(Excerpts from a dataset)
=-=-=-=-=

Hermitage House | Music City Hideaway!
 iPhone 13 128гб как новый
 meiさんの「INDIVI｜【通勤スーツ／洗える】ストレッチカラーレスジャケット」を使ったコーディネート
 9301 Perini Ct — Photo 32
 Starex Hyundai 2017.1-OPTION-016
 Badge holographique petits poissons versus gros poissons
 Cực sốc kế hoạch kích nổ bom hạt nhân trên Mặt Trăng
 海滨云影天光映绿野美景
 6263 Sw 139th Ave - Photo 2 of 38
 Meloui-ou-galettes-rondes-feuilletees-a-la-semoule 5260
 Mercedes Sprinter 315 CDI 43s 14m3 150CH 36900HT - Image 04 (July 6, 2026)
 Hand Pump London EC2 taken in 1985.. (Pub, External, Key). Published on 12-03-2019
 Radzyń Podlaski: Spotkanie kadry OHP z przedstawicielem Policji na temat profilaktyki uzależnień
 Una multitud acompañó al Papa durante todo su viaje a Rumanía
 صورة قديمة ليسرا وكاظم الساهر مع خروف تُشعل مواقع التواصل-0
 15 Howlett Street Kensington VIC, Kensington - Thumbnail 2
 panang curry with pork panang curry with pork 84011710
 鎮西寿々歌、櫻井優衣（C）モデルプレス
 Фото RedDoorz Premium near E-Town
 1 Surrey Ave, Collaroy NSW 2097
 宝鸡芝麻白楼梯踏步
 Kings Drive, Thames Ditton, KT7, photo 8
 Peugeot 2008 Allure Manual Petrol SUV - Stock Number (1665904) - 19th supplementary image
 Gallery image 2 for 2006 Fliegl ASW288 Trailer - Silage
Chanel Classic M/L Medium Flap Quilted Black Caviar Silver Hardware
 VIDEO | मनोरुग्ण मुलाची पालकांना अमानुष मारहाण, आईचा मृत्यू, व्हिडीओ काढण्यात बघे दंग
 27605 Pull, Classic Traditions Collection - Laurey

=-=-=-=-=

▸ **Work task**: Across the entries, work out how many lines hold the word "Classic". Reply with that number only.

▸ **Answer to this exercise**: 2